Perante estas declarações e depoimentos, concordamos com a parte da fundamentação da douta decisão recorrida quando menciona que cada arguido relatou apenas o que lhe convinha , tendo sido aqui e ali atraiçoados por um ou outro lapso – como é o caso referido pela recorrente, por exemplo, dos arguidos MR e OT, quando não estiveram de acordo em pormenores, aliás irrelevantes, como o joelho do arguido MR ter ficado ou não negro em resultado duma pancada dada pelo veículo automóvel da arguida RM, no dia anterior aos factos, e a existência de marcas ou não num saco transportado pelo arguido MR, na mesma altura, causadas pelo mesmo veículo da arguida Regina.
O exame médico-legal a que se sujeitou a ofendida RM, no dia 7-4-2008, na sequência da queixa apresentada contra os arguidos MR e OT, é compatível com as agressões que a mesma imputa a estes, desmentindo a versão dos arguidos MR e OT, de que não agrediram a RM, e coloca em causa o depoimento da testemunha SE enquanto declarou que não viu qualquer agressão dos arguidos MR e OT à RM.
O arguido MR não foi sujeito a exame médico-legal, pois que só apresentou queixa contra a RM aquando do seu interrogatório, em 11-9-2008 ( cfr. folhas 65 a 68).

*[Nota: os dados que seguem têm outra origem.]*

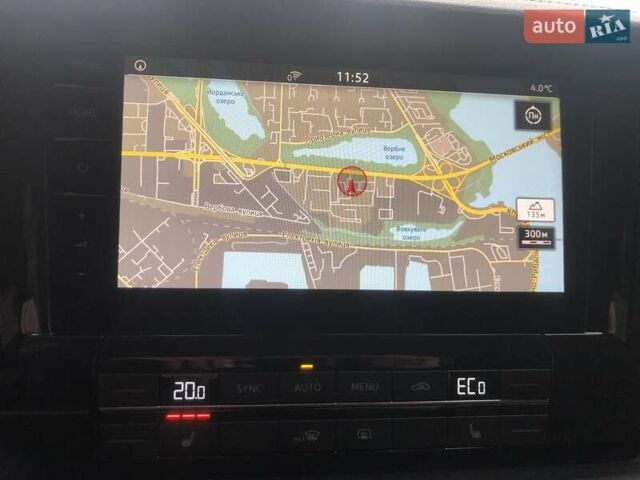 Белый Фольксваген Туарег, объемом двигателя 3 л и пробегом 44 тыс. км за 47000 $, фото 16 на Automoto.ua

Apesar da ausência desse exame, o Tribunal a quo declarou na fundamentação da sentença, que a irmã do arguido MR – MD – “ depôs com naturalidade, relatando com pormenor, porque instada, os arranhões que viu na cara do arguido nos dias seguintes.”.
Este depoimento da testemunha MD, valorado positivamente pelo Tribunal recorrido, no âmbito da imediação e da oralidade, não sofreu impugnação com factos objectivos nas conclusões da motivação – nem na motivação –, pelo que, conjugado com as declarações dos arguidos MR e OT e depoimento da testemunha SE, permitem dar como provado que a arguida RM, no dia 4-4-2008, arranhou o MR na face.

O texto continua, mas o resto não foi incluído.